Room: AAPM ePoster Library
Purpose: A novel, automated intensity-modulated radiation therapy (IMRT) treatment planning workflow was developed to incorporate a personalized radiation therapy (RT) beamlet optimization step leveraging biomarkers and dose-based statistical models to estimate patient-specific toxicity and efficacy. To explore the potential benefit of this patient-specific optimization method, a preclinical investigation of the treatment planning workflow was performed to demonstrate feasibility and evaluate clinically-realistic lung RT plans generated with this process.
Methods: A prioritized optimization strategy was employed to maximize the utility metric of a plan subject to clinical dose constraints, followed by additional optimization steps to improve the clinical relevancy of the plan. The dose-dependent utility metric is defined by the probability of efficacy minus the sum of individually weighted toxicity probabilities. To evaluate this method, 5 non-small cell lung cancer (NSCLC) patients, previously treated on an IRB-approved clinical trial and representing a variety of patient geometries and patient-specific utility models, were re-planned using the new optimization method and compared to plans generated using traditional dose constraint optimization. For this NSCLC patient cohort, the patient specific utility metric incorporated models for local-regional progression-free survival, and grade 3+ cardiac events, pneumonitis, and esophagitis.

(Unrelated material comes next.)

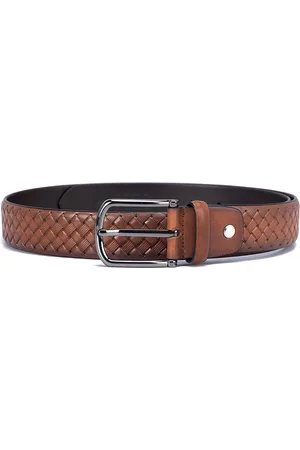 ROSSO BRUNELLO Men Woven Design Leather Formal Belt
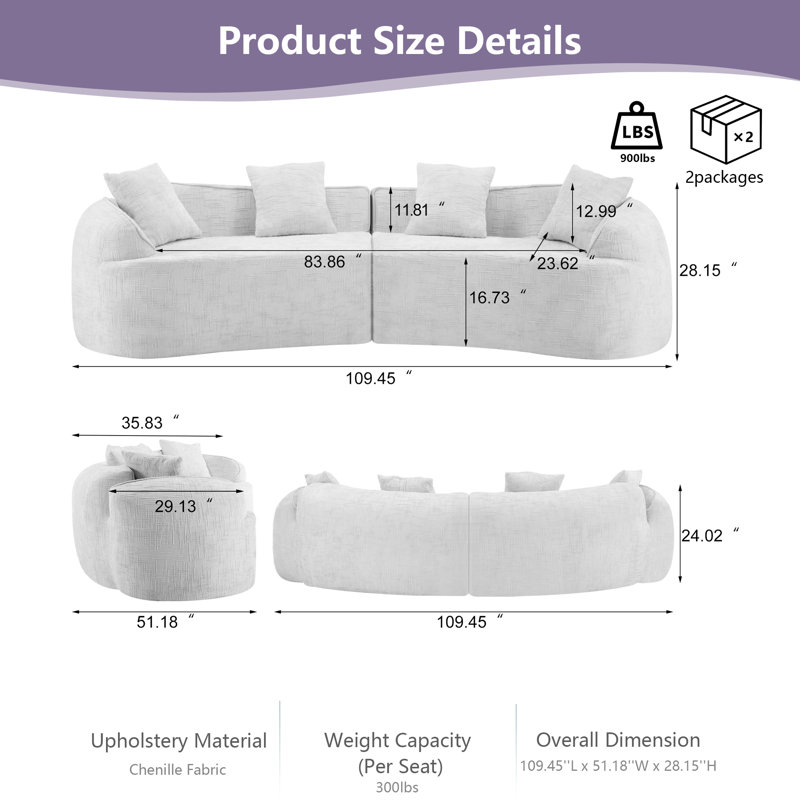 Canapé modulaire Curved, Chenille rose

Results: In each of the five cases, the new IMRT treatment planning process successfully generated lung RT plans that directly incorporate patient-specific variability in radiation sensitivity while maintaining standard clinical constraints. Plans generated with this personalized optimization workflow resulted in an average 1.3% [range: 0.4% - 2.7%] improvement in plan utility when compared to standard dose optimization. Larger improvements were noted in cases with relatively large target volumes.
Conclusion: The successful implementation of this optimization method facilitates direct exploration and inclusion of patient-specific trade-offs within RT planning to maximize the probability of uncomplicated local control based on statistical models of control and toxicity with both dose and biomarkers as covariates.
Funding Support, Disclosures, and Conflict of Interest: This work is funded by NIH P01CA059827 and supported in part by Varian Medical Systems Inc.